11.7.05

O terrorismo como epidemia

O terrorismo com que hoje nos defrontamos não é causado nem pela miséria, nem pela opressão, nem pela humilhação, nem pelo preconceito cultural, nem sequer pelo fanatismo religioso, embora todos esses factores, e outros ainda, contribuam para lhe dar a feição que conhecemos.

Em última análise, o que se passa é que há uns tipos que têm um parafuso a menos e que por isso, na sua insanidade, julgam que matando gente a torto e a direito conseguirão encostar à parede não se sabe quem, e conseguir não se sabe o quê.
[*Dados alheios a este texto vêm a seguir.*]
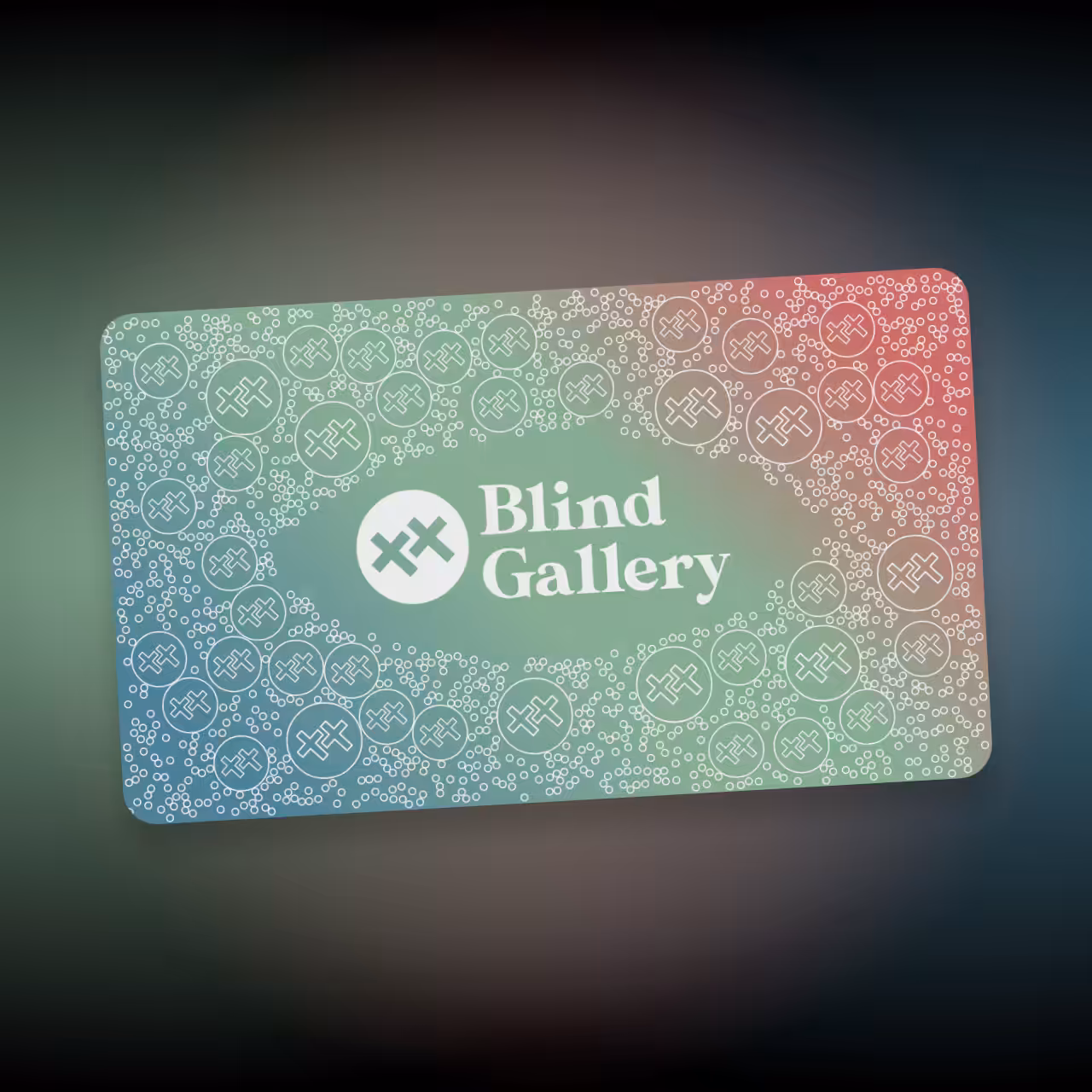 Blind Gallery Club Membership #342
Este problema não tem solução, e, por isso, permanecerá connosco mesmo quando todas as actuais injustiças forem eliminadas e eventualmente substituídas por outras.

Embora eu diga que o problema não tem solução, é possível que os avanços da engenharia genética venham a breve trecho permitir-nos ajustar o tal parafuso que actualmente falta a certas pessoas. Só que essa solução repugna às nossas consciências, até porque, uma vez que se comece a apertar e a desapertar parafusos, ninguém sabe onde iremos parar.

Os fenómenos irracionais como o actual terrorismo associado ao fanatismo islâmico seguem um padrão evolutivo muito semelhante ao das epidemias virais: desencadeiam-se inesperadamente, expandem-se rapidamente, estabilizam e, finalmente, extinguem-se. Depois, sofrem mutações e ressurgem inesperadamente em diferentes lugares e diferenças circunstâncias. Um conhecimento mínimo da história do terrorismo mostra que é assim.

Por isso, sustento que a forma mais sensata e racional de encarar o terrorismo é como uma variedade de catástrofe natural. Isso significa que, embora se possa fazer muita coisa para detectar precocemente a preparação de actos terroristas, prevenir a eclosão das suas manifestações, controlar a sua expansão, minimizar os estragos que causa, e por aí fora, em última análise é impossível evitar que, aqui e ali, provoque alguns estragos que por vezes poderão atingir proporções colossais. Por outro lado, ele acabará mais tarde ou mais cedo por extinguir-se-á por si mesmo. Essa extinção será então festejada como uma grande vitória da guerra contra o terrorismo, mas na verdade terá pouco a ver com qualquer coisa que tenhamos feito.

Num plano estritamente objectivo, o problema do terrorismo tem uma dimensão, enquanto catástrofe humana, incomensuravelmente inferior à da sinistralidade rodoviária, dos tremores de terra e maremotos, da SIDA ou, principalmente, da malária. É portanto irracional mobilizar meios para o combater absolutamente desproporcionados em relação à dimensão real da ameaça.

Há quatro razões principais para a atribuição de uma absoluta prioridade ao combate ao terrorismo em detrimento de outros problemas que afligem a humanidade.

A primeira é o impacto mediático dos ataques, resultante da sua espectacularidade, que não pode deixar de impressionar o público e de pressionar os poderes políticos s tomarem medidas para «resolver» o problema. Os terroristas sabem que operam no negócio dos conteúdos, e não recuam perante nenhum efeito especial, por mais cruel que se afigure.

A segunda resulta de, ao contrário das catástrofes naturais, os actos terroristas decorrerem da acção deliberada de seres humanos, o que faz pensar que talvez eles possam ser dissuadidos, pela persuasão ou pela violência. de levá-los a cabo. Podia-se escrever um tratado sobre isto.

A terceira é a percepção (errada) de que a ameaça terrorista pode ser esconjurada de forma drástica e definitiva, na condição de ser atacada de uma forma persistente e resoluta e de ocorrer uma mobilização total do Estado e da sociedade para o combater. É o mito da «guerra contra o terrorismo», em si mesmo uma nova manifestação da ideologia totalitária contemporânea.

A quarta é o facto de uma exagerada preocupação com o terrorismo ser extremamente conveniente para, por um lado, impor uma agenda política dominada pelo medo e, por outro, persuadir os cidadãos a tolerarem entorses mais ou menos permanente às liberdades e garantias individuais em nome das exigências da segurança colectiva.